Interwoven points of view tighten and focus the action in this affecting book. The principals are nuanced, and Eisele’s prose shimmers. If you want to read into the novel points about economic disparity or social and environmental responsibility, you can. Or, you could enjoy this story about surviving the apocalypse through cooperation and simplicity.
— Christine Wald-Hopkins
“Forever Today” By Katie J. Douglas.
Independently Published. $16.99 print; $2.99 Kindle.

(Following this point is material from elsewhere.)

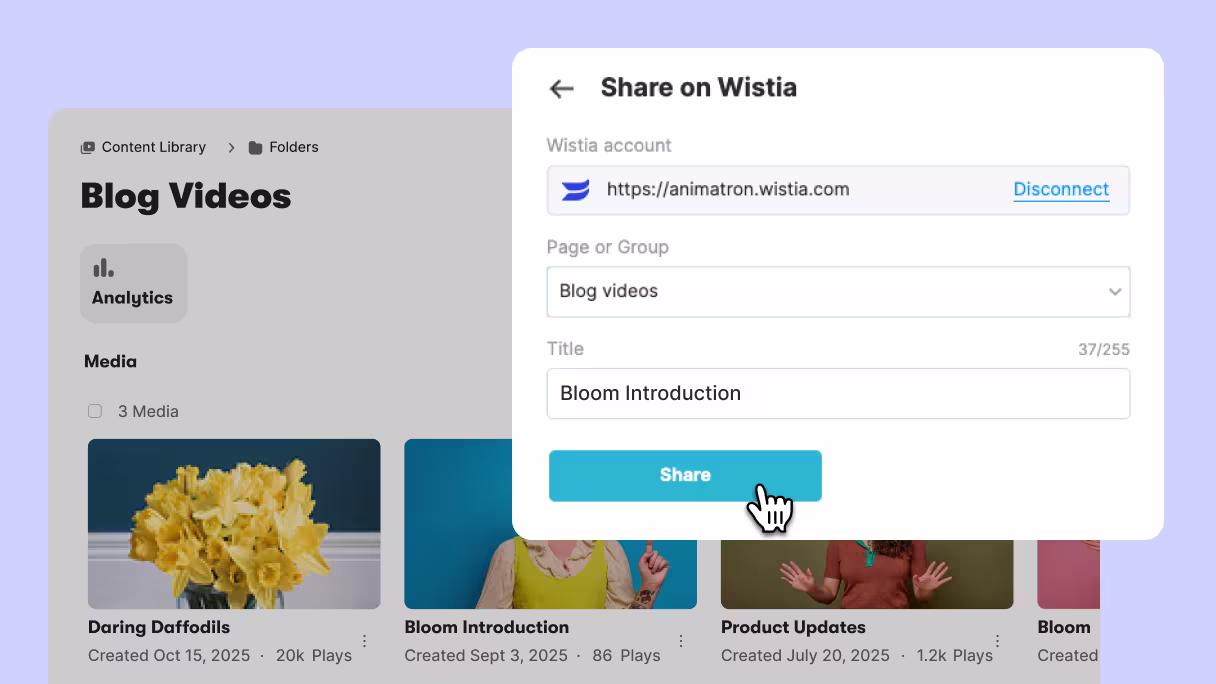 User selecting a Wistia folder and adding a custom title during upload.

A summertime encounter in Patagonia blossoms into romance for Charlotte and Wyatt, but there are thunderheads on the horizon of their perfect happiness. She is on the run from the menacing home situation created by her addicted mother; he is a ranch hand planning to shake the dust of Arizona come autumn. That they found each other was not accidental, says Charlotte’s lively and affectionate Aunt Rose, a professional psychic who knows a thing or two about past lives. Rose recognizes that her niece shares her psychic gifts and nurtures them by including Charlotte in the readings she does for clients. But a little bit of knowledge creates a lot of turmoil when Charlotte realizes that the quiet messages that come to her unbidden may presage a future in which true love does not equal destiny. Southern Arizona native Katie J. Douglas, who does a fine job evoking the Sonoran Desert summer, has filled her debut novel with a cast of engaging characters and lively dialog; her cliffhanger ending will leave readers eagerly anticipating the planned sequel.
— Helene Woodhams
“Killing for Power and Profit: Remembering the Victims” By H.G. Willms.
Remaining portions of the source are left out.